EZB Lagardes Rede: Inflation wird sich mittelfristig auf das 2%-Ziel stabilisieren
| |Automatische ÜbersetzungZum OriginalDie Präsidentin der Europäischen Zentralbank (EZB), Christine Lagarde, sagte in ihrer einleitenden Erklärung vor dem Ausschuss für Wirtschaft und Währung (ECON) des Europäischen Parlaments während der europäischen Handelszeiten am Donnerstag, dass die Inflation in der Eurozone voraussichtlich im mittelfristigen Zeitraum auf dem Ziel von 2 % der Zentralbank stabilisieren wird.
Bemerkungen
Wir können jetzt sehen, dass unsere Bemühungen, die Inflation zu senken, erfolgreich waren.
Wir erwarten, dass die Lebensmittelinflation weiterhin zurückgeht und sich bis Ende 2026 etwas über 2 % stabilisiert.
Die Aktivität wird voraussichtlich durch steigendes Arbeitsentgelt in einem widerstandsfähigen Arbeitsmarkt sowie durch Investitionen in Verteidigung, Infrastruktur und digitale Technologien unterstützt.
Beobachten Sie den FX-Markt, zielen Sie nicht darauf ab.

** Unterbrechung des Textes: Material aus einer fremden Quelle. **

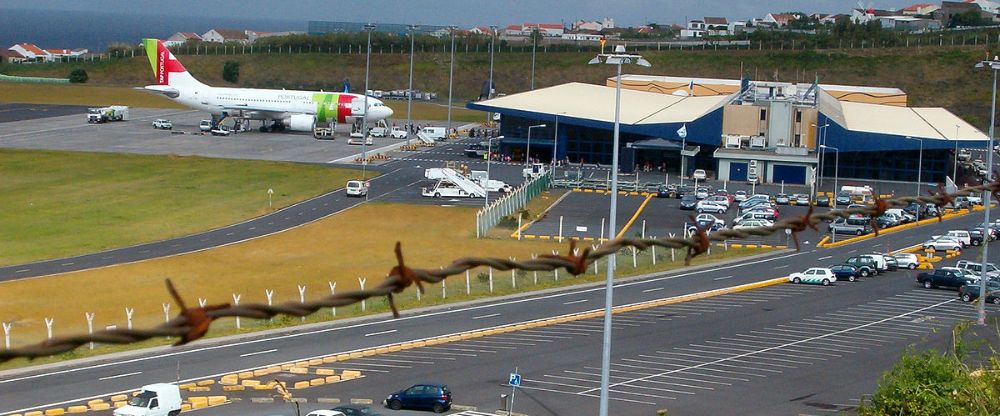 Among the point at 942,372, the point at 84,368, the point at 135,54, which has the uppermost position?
the point at 135,54

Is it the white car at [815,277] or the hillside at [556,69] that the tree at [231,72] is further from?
the white car at [815,277]

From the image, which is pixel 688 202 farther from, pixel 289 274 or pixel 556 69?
pixel 556 69

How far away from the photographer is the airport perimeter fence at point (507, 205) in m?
44.6

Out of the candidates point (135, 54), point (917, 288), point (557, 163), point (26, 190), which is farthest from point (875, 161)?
point (135, 54)

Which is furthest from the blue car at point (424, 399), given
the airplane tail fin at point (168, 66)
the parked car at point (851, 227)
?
the airplane tail fin at point (168, 66)

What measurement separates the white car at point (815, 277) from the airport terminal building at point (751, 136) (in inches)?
906

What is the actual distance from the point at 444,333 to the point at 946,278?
16.2m

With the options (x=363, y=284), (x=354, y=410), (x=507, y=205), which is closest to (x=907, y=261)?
(x=507, y=205)

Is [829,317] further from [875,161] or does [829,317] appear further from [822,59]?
[822,59]

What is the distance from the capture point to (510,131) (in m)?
70.2

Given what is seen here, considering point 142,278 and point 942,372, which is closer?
point 942,372

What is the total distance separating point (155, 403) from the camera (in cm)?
1944

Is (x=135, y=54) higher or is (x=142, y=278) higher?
Answer: (x=135, y=54)

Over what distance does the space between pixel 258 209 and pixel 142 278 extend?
1437cm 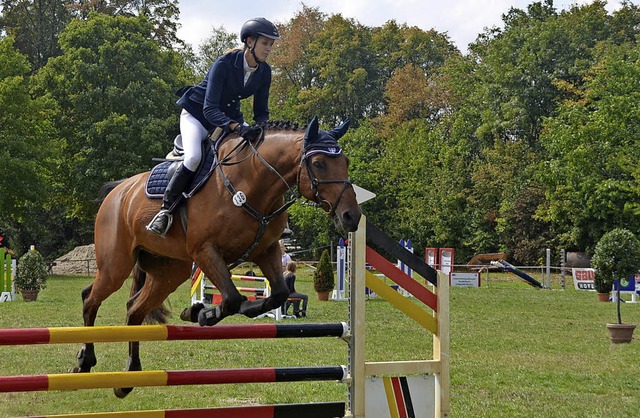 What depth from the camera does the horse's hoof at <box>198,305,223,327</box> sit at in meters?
5.30

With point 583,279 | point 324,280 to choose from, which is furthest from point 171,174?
point 583,279

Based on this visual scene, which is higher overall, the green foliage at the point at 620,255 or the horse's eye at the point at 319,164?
the horse's eye at the point at 319,164

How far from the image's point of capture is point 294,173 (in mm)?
5270

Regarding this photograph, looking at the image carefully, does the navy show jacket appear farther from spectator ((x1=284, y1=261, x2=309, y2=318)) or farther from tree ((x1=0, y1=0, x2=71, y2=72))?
tree ((x1=0, y1=0, x2=71, y2=72))

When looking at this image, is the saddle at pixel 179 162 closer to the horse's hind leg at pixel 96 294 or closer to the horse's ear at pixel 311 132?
the horse's hind leg at pixel 96 294

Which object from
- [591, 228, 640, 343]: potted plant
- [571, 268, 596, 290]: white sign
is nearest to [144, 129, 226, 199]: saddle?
[591, 228, 640, 343]: potted plant

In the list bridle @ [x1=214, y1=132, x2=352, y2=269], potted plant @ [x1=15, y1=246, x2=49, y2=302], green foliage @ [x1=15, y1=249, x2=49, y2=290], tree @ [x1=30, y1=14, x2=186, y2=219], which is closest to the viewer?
bridle @ [x1=214, y1=132, x2=352, y2=269]

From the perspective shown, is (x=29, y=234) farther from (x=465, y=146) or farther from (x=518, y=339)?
(x=518, y=339)

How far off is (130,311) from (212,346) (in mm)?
6085

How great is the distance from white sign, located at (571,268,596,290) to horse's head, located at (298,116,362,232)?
85.0ft

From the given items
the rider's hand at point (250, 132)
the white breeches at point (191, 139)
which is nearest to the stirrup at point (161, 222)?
the white breeches at point (191, 139)

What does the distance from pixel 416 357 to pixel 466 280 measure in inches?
756

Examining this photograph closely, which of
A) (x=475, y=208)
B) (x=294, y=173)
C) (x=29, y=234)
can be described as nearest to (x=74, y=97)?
A: (x=29, y=234)

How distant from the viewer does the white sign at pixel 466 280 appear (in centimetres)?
3002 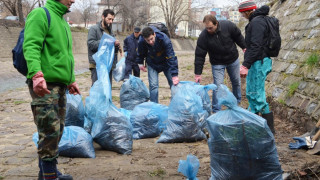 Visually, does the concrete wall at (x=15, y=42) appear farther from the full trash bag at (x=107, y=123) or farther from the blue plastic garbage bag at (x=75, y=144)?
the blue plastic garbage bag at (x=75, y=144)

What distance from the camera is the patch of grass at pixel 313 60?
16.5 feet

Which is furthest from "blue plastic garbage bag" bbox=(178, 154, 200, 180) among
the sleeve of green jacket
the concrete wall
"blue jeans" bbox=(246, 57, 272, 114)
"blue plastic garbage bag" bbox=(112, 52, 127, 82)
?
the concrete wall

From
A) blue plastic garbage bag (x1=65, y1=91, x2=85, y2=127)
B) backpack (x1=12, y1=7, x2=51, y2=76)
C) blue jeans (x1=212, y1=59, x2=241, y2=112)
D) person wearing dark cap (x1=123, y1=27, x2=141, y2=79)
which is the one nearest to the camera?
backpack (x1=12, y1=7, x2=51, y2=76)

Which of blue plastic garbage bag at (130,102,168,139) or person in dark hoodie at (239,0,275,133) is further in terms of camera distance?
blue plastic garbage bag at (130,102,168,139)

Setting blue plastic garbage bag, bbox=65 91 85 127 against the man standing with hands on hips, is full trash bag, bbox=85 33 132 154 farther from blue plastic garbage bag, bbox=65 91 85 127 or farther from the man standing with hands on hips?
the man standing with hands on hips

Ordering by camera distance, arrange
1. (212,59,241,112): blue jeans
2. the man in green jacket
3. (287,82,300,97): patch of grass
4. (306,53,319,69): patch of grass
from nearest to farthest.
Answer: the man in green jacket
(306,53,319,69): patch of grass
(287,82,300,97): patch of grass
(212,59,241,112): blue jeans

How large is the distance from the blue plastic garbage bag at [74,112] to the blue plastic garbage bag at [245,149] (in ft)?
7.69

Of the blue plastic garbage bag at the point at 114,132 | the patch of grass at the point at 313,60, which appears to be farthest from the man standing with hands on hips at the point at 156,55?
the patch of grass at the point at 313,60

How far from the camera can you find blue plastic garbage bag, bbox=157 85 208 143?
14.6 feet

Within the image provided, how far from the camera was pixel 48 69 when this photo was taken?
2816 mm

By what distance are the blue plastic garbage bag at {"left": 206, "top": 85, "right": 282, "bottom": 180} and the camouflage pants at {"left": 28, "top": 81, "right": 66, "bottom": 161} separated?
1.30 m

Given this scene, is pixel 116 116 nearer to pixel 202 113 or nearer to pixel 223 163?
pixel 202 113

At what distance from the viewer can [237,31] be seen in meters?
5.75

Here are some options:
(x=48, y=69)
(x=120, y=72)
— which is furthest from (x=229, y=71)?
(x=48, y=69) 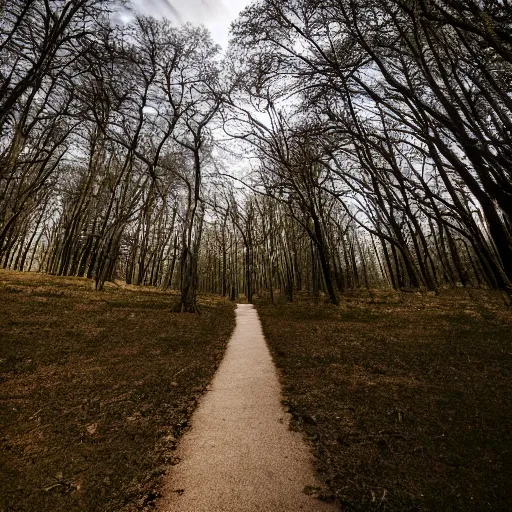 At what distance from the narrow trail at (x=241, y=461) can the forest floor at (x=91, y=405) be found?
199 mm

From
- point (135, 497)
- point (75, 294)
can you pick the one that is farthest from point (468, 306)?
point (75, 294)

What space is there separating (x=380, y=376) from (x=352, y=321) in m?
5.74

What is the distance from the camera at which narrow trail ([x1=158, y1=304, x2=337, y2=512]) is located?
198cm

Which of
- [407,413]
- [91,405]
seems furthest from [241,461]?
[91,405]

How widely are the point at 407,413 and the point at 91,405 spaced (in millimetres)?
3823

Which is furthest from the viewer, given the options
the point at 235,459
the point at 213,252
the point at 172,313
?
the point at 213,252

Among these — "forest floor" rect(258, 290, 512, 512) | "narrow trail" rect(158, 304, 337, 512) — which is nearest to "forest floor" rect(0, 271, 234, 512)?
"narrow trail" rect(158, 304, 337, 512)

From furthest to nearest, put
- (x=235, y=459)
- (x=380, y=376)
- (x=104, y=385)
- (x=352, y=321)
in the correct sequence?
(x=352, y=321) < (x=380, y=376) < (x=104, y=385) < (x=235, y=459)

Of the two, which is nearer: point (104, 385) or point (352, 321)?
point (104, 385)

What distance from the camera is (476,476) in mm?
2094

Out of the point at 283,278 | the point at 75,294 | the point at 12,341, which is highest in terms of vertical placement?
the point at 283,278

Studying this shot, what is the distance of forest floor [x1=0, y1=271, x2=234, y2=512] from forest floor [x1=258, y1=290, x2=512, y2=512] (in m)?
1.49

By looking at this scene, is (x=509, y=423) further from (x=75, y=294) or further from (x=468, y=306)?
(x=75, y=294)

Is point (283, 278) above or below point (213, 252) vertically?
below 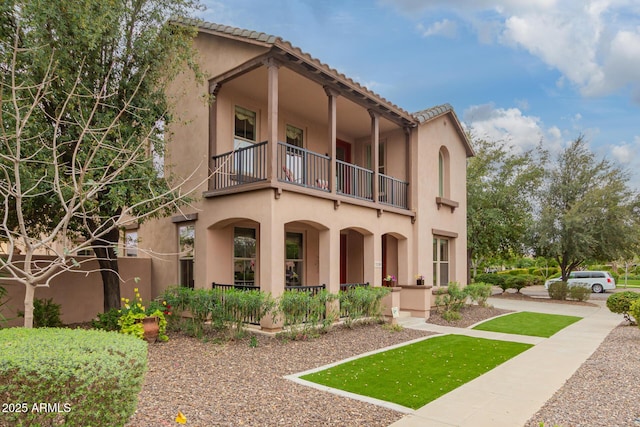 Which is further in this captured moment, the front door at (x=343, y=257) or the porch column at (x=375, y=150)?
the front door at (x=343, y=257)

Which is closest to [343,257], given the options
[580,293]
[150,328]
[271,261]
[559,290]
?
[271,261]

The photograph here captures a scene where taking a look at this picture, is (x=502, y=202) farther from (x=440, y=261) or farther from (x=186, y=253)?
(x=186, y=253)

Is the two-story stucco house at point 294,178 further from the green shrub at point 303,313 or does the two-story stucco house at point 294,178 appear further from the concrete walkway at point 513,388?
the concrete walkway at point 513,388

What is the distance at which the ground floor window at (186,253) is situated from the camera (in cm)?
1262

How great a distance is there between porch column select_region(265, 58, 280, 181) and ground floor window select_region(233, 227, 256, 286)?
3720 millimetres

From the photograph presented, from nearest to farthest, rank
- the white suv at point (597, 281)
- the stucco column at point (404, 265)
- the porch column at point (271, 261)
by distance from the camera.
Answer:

Keine Anzeichen für Entlassungen im Arbeitsmarkt durch KI.
Wir sind wirklich überzeugt, dass wir einen datenabhängigen Ansatz beibehalten sollten.
Wir sind in einer guten Position, aber agil.
Marktreaktion
Der Euro (EUR) scheint leicht negativ auf die Kommentare von EZB-Präsidentin Lagarde reagiert zu haben. Zum Zeitpunkt der Erstellung dieses Berichts handelt EUR/USD leicht niedriger bei etwa 1,1800.
EZB - Häufig gestellte Fragen (FAQ)
Die Europäische Zentralbank (EZB), mit Sitz in Frankfurt am Main, steuert die Geldpolitik der Eurozone. Ihr Hauptziel ist die Preisstabilität, definiert durch eine Inflationsrate von rund 2 %. Durch Anpassungen der Zinssätze beeinflusst die EZB maßgeblich den Wechselkurs des Euros, der tendenziell durch höhere Zinsen gestärkt und durch niedrigere geschwächt wird.
In extremen Situationen kann die Europäische Zentralbank ein Instrument namens Quantitative Easing (QE) einsetzen. QE bedeutet, dass die EZB Euros druckt und diese verwendet, um Vermögenswerte – in der Regel Staats- oder Unternehmensanleihen – von Banken und anderen Finanzinstitutionen zu kaufen. QE führt in der Regel zu einer Abschwächung des Euros. Es wird als letztes Mittel eingesetzt, wenn Zinssenkungen allein das Ziel der Preisstabilität nicht erreichen können. Die EZB setzte QE während der Finanzkrise 2009-2011, 2015 bei anhaltend niedriger Inflation und während der COVID-19-Pandemie ein.
Quantitative Straffung (QT) ist das Gegenteil von QE: Statt Staatsanleihen zu kaufen, stellt die EZB den Ankauf ein und reinvestiert fällige Beträge nicht mehr. Dies wirkt sich in der Regel positiv auf den Euro aus, da es die Liquidität am Markt verringert.